Rind

Deniz bey de gelmiş grup tamamlanmış bööle alt alta dizilmişsniz ehuehuehe.ha bi de unutadan Gölge-Biziz kolay gele bakalım... Ankaraya dönünce şarkılarımı isterim ama ;-) :D (saymıım şimdi biliosunuz nasılsa :) )
 
deprem grubuyla bazı nedenlerden dolayı yollarımız ayrılmıştır!..deprem grubu yeni vokaliyle en kısa zamanda karşınızda olacaktır!..
deprem grubuna başarılar diliyorum..
görüşmek üzere,
hoşça kalın...
 
Herkese yeniden Merhabalar, 2-3 sayfa öncesine kadar bakacak olursanız; böyle bir mesajı benim yazıyor olmamım gerçekten ilginç bir durum olduğunu anlarsınız. Ancak dikkatiniz çekmek istediğim belirli bir nokta var. Bu mesajda uzun ve belki de özel de olsa, ona yer vermek istiyorum. Değer verenlerin de sonuna kadar okuyacağını düşünüyorum.

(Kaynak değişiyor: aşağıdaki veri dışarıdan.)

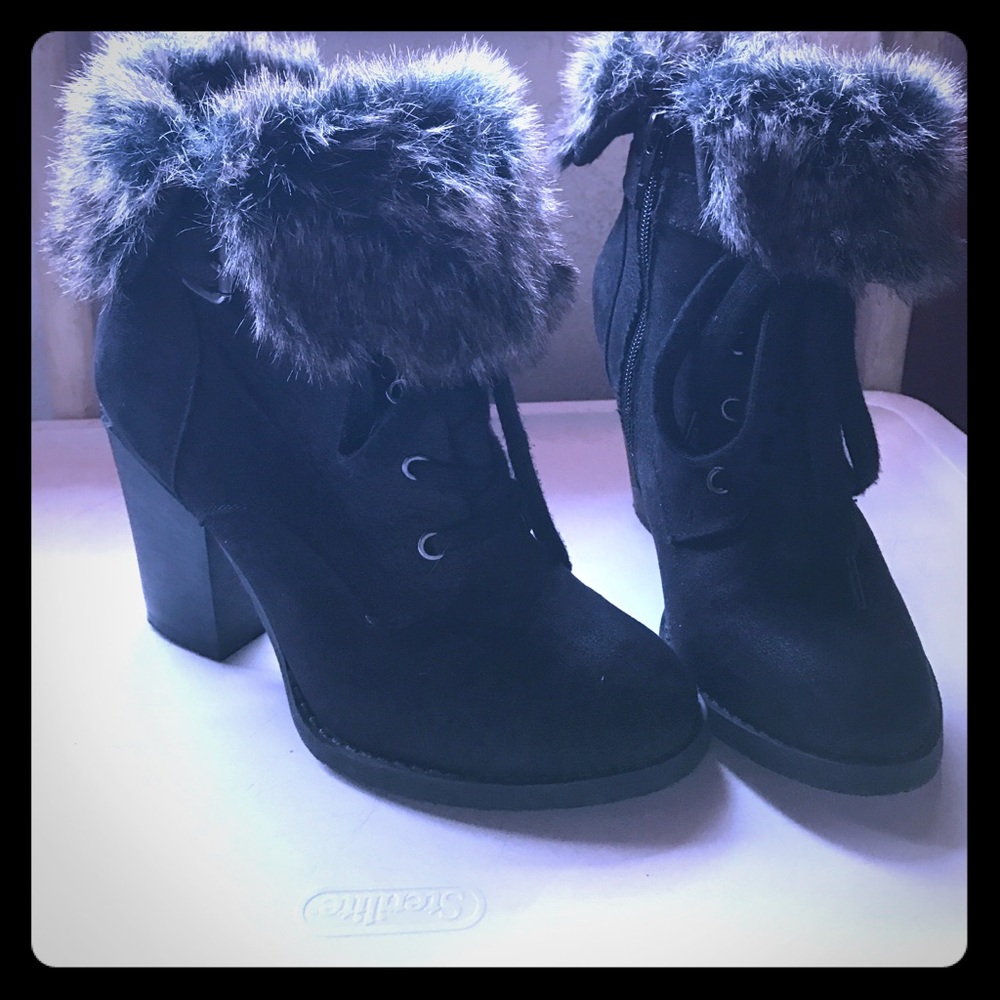 Black zip up ankle boots with fur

Deprem grubunu, ismi dahi henüz koyulmamışken 2004 yazından (belki de 2003'tü emin değilim) beri biliyorum. O zaman bile grup 2007 Eylül'ündeki; bugünkü kadrosunu kurabilirdi. Konuşalan şeyler arasında bu da vardı. Ancak düşüncelerimiz tam olarak uyuşmadığından böyle bir birliktelik olmadı. Derken o grupta, yine 2-3 sayfa öncesinden ya da grubun ilk 2-3 (+...) sayfasından tanıyor olmanız gereken Arda girdi gruba. Ve çeşitli vokal denemeleriyle geçirdi bu kadro onlarca ayını.

Bu geçen ayların birinde yeniden bugünkü kadrosunu kurma çalışmaları oldu, ancak fikir yine tutmadı. Ve herkes yolunda devam etti. O zamanki ortamlardan çıkan arkadaşlarımızdan kimisi (özellikle şu sıralar çok daha yakından tanıyacağınız) TNK grubuna girdi, çıktı; Kimisi ise Göksel'e kadar tırmanıp demir attı. Yalnız belirli bir çizgi tutturamasa da; taa o zamandan beri Deprem'in, Ertuğrul'un ve oturmamış da olsa bir Deprem grubunun geleceğinden, müzik adına bir şeyler yapacağından, bu işe gerçekten gönül verdiğinden kimsenin şüphesi yoktu.

Bugüne geliyorum. Düşünce açısından pek de farklı bir şeyler görmüyorum. Bir avuç genç adam işte; rüzgar nereden estiyse oraya doğru giden... Akıllarında sadece tek şey olan: müzik yapmak! Ve bunu rahat, kafanı kaşımadan, kurcalamadan; istediğin gibi, hissederek yaparak.

Bu amaca gitmek, bu doğrultuda işini yapmak, rahatça müziğini sunmak istiyorsan; bazen kimsenin hoş karşılamadığı, günlerce düşünmen gereken, belki de mantıksız bile bulcağın hamleler yapman gerekiyor. Bundan 1-2 ay öncesine kadar Çağatay ve benim (ben Can Güler bu arada, grubun davulcusuyum. Günü de belirteyim: 05.09.2007) gruptan çıkmam da bunlardan bir tanesiydi. Kafalar rahat değildi, kimse işini istediği gibi yapamıyordu. Bağımız incelmişti ve koptu. Verilen onca emekten sonra sindirmesi gerçekten güç oluyor ancak işin aslı da şu: Olması gerektiği gibi...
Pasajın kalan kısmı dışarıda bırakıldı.